PAINTING THE PENITENT BLACK
The defense of Vidoje Blagojevic, former VRS Bratunac Brigade commander, is doing its best to impeach Momir Nikolic and challenge some of the facts he admitted and plead guilty to; Nikolic expressed his repentance and accepted responsibility for the massacre in Srebrenica
Michael Karnavas, defence attorney of Vidoje Blagojevic
At the beginning of its case, the defense of Vidoje Blagojevic, the former VRS Bratunac Brigade commander who is accused of complicity in the Srebrenica genocide, focused on impeaching Momir Nikolic, the former security chief in the Bratunac Brigade.
Nikolic was indicted together with Blagojevic, but he pleaded guilty last year, repented for his crimes, agreed to cooperate with the prosecution and appeared as a prosecution witness at the trial of his former commander.
Through witnesses he called in the previous two days, Blagojevic's defense counsel, Michael Karnavas, tried to challenge two statements in Nikolic's admission of guilt and to discredit him personally.
The first statement he challenged is Nikolic's admission that on 12 and 13 July 1995, he "organized and coordinated" the deportation of more than 20,000 civilians, mostly women and children, who were taken in buses and trucks to territory controlled by the BH Army.
Defense witnesses Jovan Nikolic and Perica Vasovic, both from Bratunac, testified yesterday and today that on 13 July 1995, they went to Potocari together with Momir Nikolic "out of curiosity" to see what was happening. They both claim that Momir Nikolic had gone there "out of curiosity," that he did not issue any orders and that he was "mostly greeting other people and talking to them.” According to the witnesses, he was a mere observer, not the "organizer and coordinator" of the operation.
Challenging the other Nikolic's claim is even more important for Blagojevic's defense. In his Statement of Facts and Guilty Plea, Nikolic listed, among other things, the names of several members of the Bratunac Brigade who he claims took part in the massacre in the co-op warehouse in Kravica; according to the indictment, between 1,000 and 1,500 people were killed there on 13 and 14 July.

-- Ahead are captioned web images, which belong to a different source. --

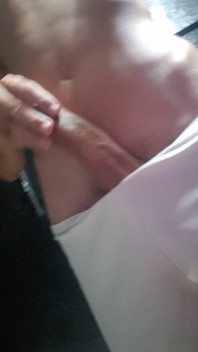 Tôi để lộ dương vật của mình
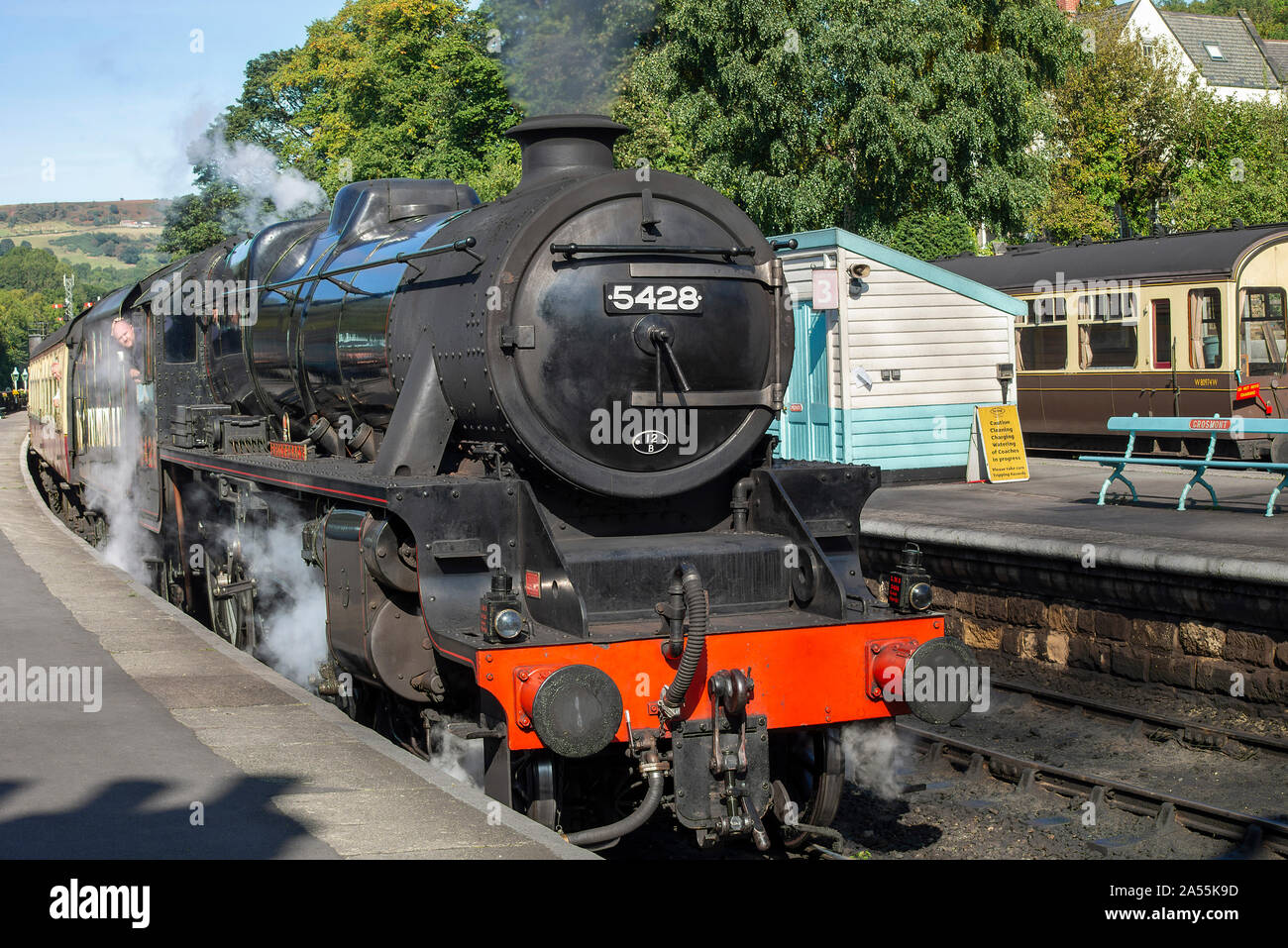 La locomotiva a vapore NYMR Stanier Black 5 Eric Treacy tirare un treno passeggeri a Grosmont Station North Yorkshire Inghilterra Regno Unito Regno Unito Foto Stock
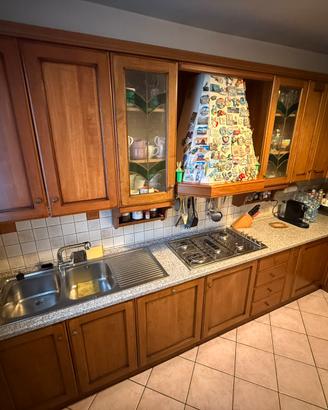 Cucina completa di elettrodomestici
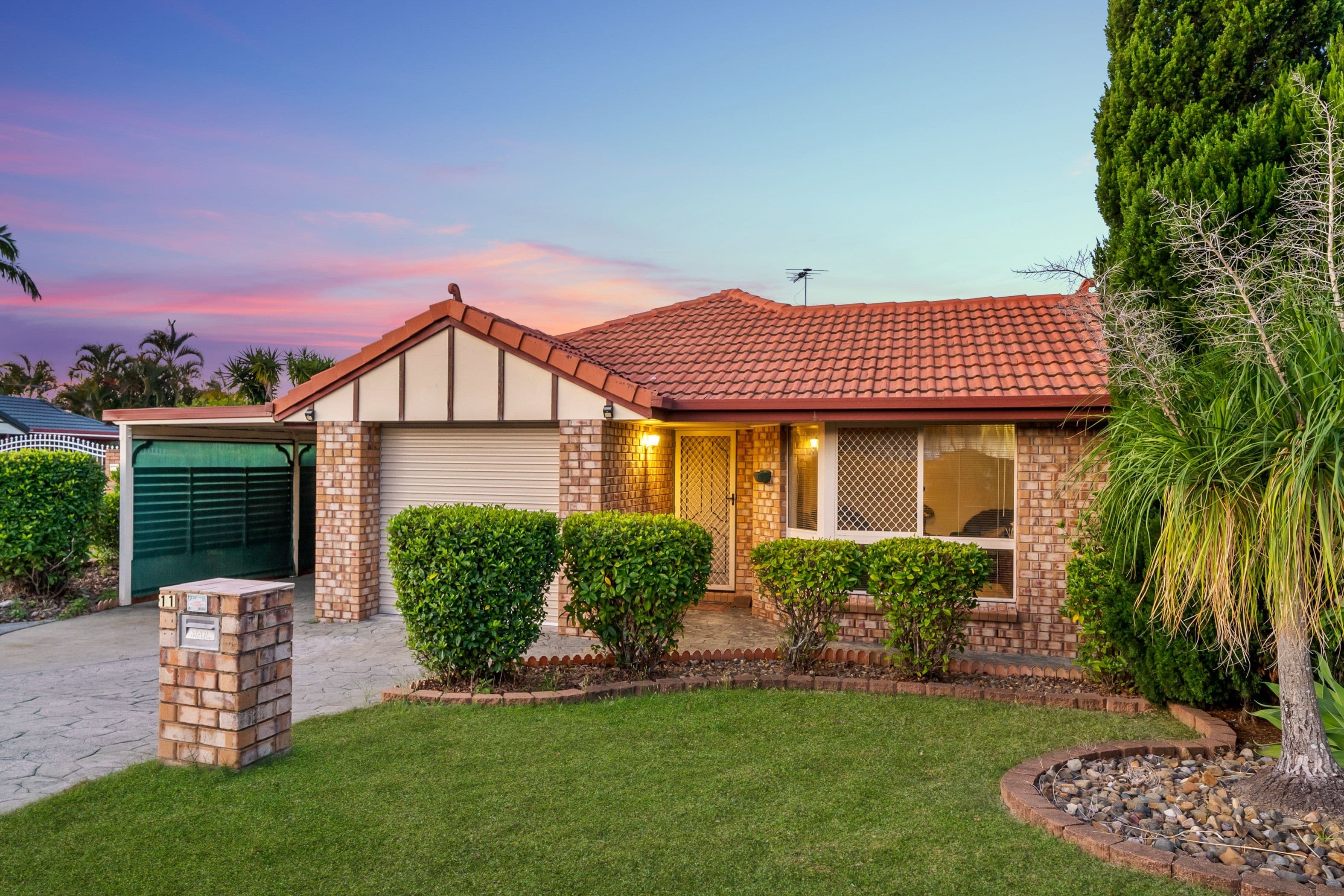 11 Stretton Court, Heritage Park QLD 4118, Heritage Park - Image 1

Both defense witnesses claim that they were in Kravica on 14 July, that they saw the killing of the people detained in the warehouse but were unable to recognize any of the executioners since they all wore masks. Despite that, they categorically state that there were no members of Blagojevic's brigade among them. Witness Vasovic supposes that the soldiers wearing camouflage uniforms without any insignia and with masked faces "were not from Bratunac" but most probably from the "Sarajevo area" since they spoke with a characteristic accent.
Blagojevic's defense counsel finally asked his witnesses to say something about "Momir Nikolic's character." They both described him as an "overly ambitious and arrogant man" who "did not have many friends" because of the way he treated people. They both said he was frequently in conflict with the other inhabitants of the town, although they admitted that, in truth, "Nikolic did not exhibit such traits in his dealings with them."
The fact that about two weeks after his arrest and transfer to The Hague Momir Nikolic sent Perica Vasovic a postcard from Scheveningen testifies to their former friendship. The contents of the postcard were discussed in closed session. In public session, it was only said that the postcard mentions Deronjic, with whom, the witness claims, Nikolic "had some accounts to settle.”
Vidoje Blagojevic's defense will, by all appearances, be going after Miroslav Deronjic next. He also pleaded guilty and testified at the Srebrenica trial.